IABP=Intra-aortic Balloon Pump; ICU=Intensive Care Unit; DVT=Deep Vein Thrombosis

DISCUSSION

The aim of this study was to investigate the effectiveness of nebivolol in the prophylaxis of postoperative atrial fibrillation (POAF) by comparing it with metoprolol, a medication whose effectiveness against atrial fibrillation is well-documented. Based on the study results, we identified no significant difference between nebivolol and metoprolol with regards to the effectiveness of POAF prophylaxis. POAF is observed in nearly 30% of patients who undergo isolated coronary artery bypass (CABG) surgery. This ratio increases to nearly 40% if replacement or repair of valves is performed during surgery, and to 50% in case combined procedures are performed. Considering that the age average of populations undergoing cardiac surgery is gradually increasing, and that the incidence of POAF is positively correlated with age, it is likely that these percentages will increase in the future.

In most cases, POAF develops between the 2nd and 4th days that immediately follow surgery, with the highest incidence being observed on the 2nd day. The onset of POAF occurs before the 4th postoperative day in 70% of cases, and before the 6th postoperative day in 94% of cases[11].

POAF often manifests itself as a transient condition that is tolerated by most patients. However, POAF also has the potential to cause serious complications or even be fatal in certain patients - especially older patients and patients with certain ventricular dysfunctions[12] and mortality[13]. POAF was previously described as a potential cause of significant morbidity[14] that can lead to further postoperative complications such as thromboembolism[15], hemodynamic problems[16], ventricular dysrhythmias[17], and even to iatrogenetic effects due to inappropriate diagnosis and treatment of POAF.
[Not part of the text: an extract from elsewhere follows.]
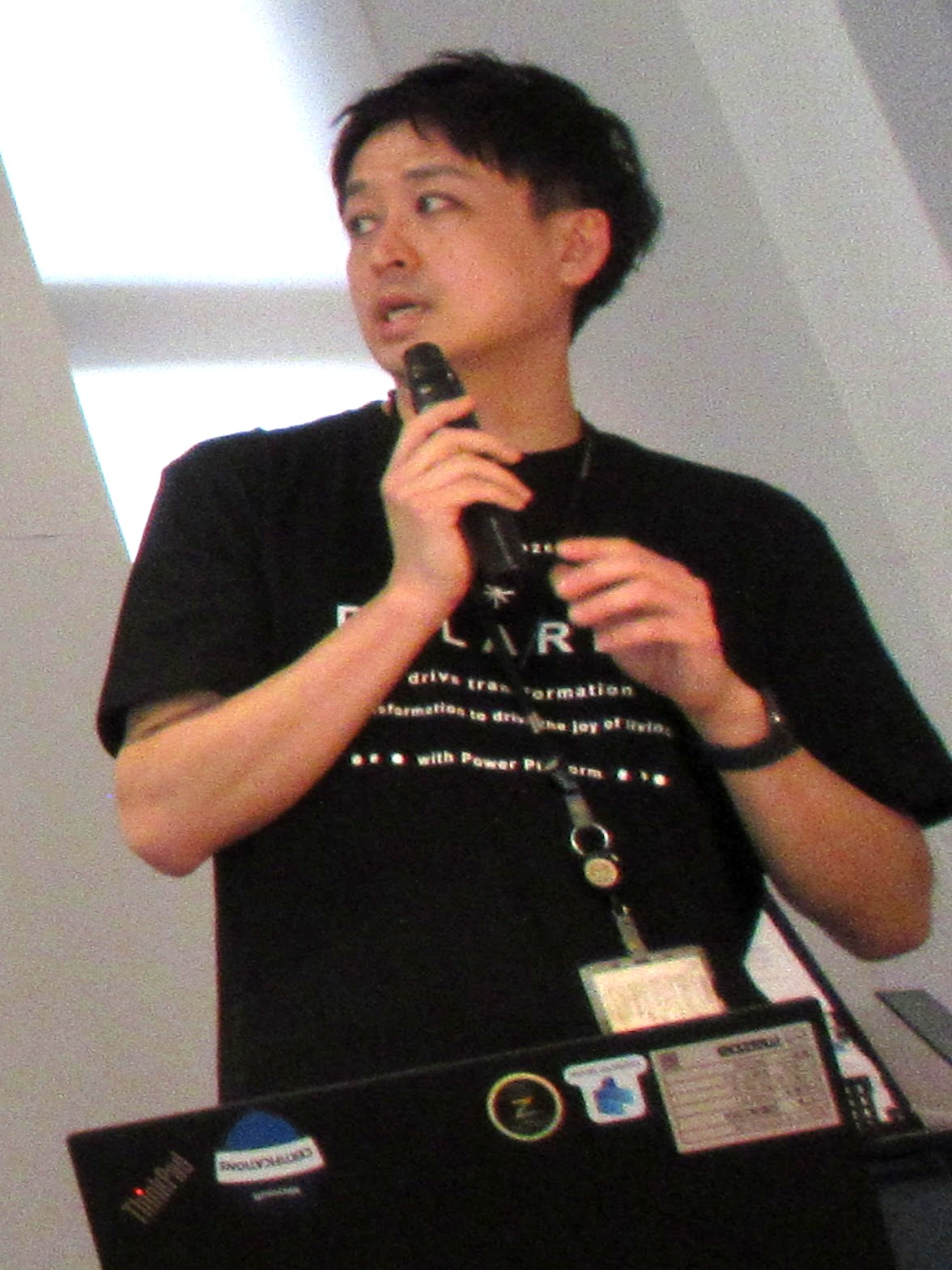 登壇するはる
Moreover, POAF is known to increase nearly three times the incidence of perioperative stroke[13-17]. In a study conducted by Almassi et al. on 3855 cardiac surgery patients[14], it was observed that POAF led to a nearly two-fold increase in the hospital mortality and the 6-month mortality of patients. Increasing age is the most significant contributing factor to the risk of POAF[11,13,14]. Matthew et al.[18] determined in a recently conducted study that the incidence of POAF increased by nearly 75% for every decade of age, and that all patients above the age of 70 were at a high risk of POAF.

Other factors that also increase the risk of POAF include previous episodes of AF, lower left ventricular ejection fraction, left atrial enlargement, valvular heart surgery, chronic obstructive pulmonary disease, chronic renal failure, diabetes mellitus, and rheumatic heart diseases[13,17,18]. Recent students have also suggested that obesity may be associated with a higher incidence of POAF in both patients with and without previous cardiac surgeries[19,20].
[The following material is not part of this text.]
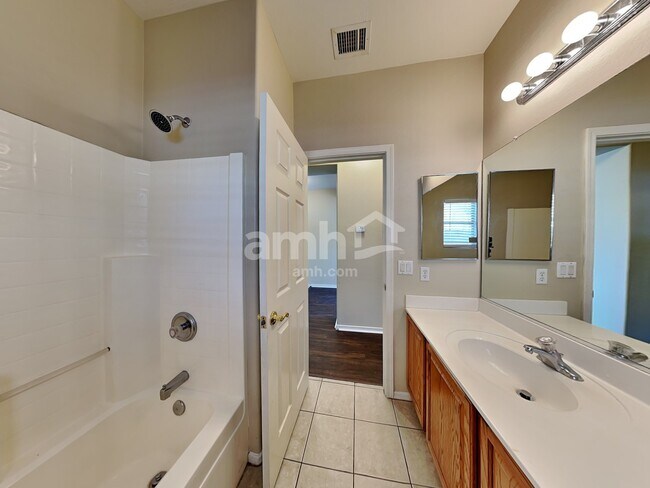 Building Photo - 5321 W Grenadine Rd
A variety of factors appear to be involved in the etiology of POAF, although the mechanistic relationship between these factors and POAF development has not yet been clearly identified. Several mechanisms that are potentially involved in POAF pathogenesis include pericardial inflammation, excessive catecholamine production, postoperative autonomic imbalance, and interstitial fluid mobilization. These factors may adversely affect atrial refractoriness and slow atrial conduction. The multiple re-entry wavelets caused by the dispersion of atrial refractoriness appear to be the underlying mechanism for the development of POAF[21].

In a meta-analysis performed recently by Crystal et al.[22], it was observed that, within the scope of 28 trials conducted with 4074 subjects, beta-blocker drugs demonstrated the highest magnitude of effect with an odds ratio (OR) of 0.3, and a 95% confidence interval (CI) of 02.26 to 0.49. In the meta-analysis of Burgess et al.[23], the authors reported that the use of beta-blocker drugs lead to a reduction in the incidence of POAF.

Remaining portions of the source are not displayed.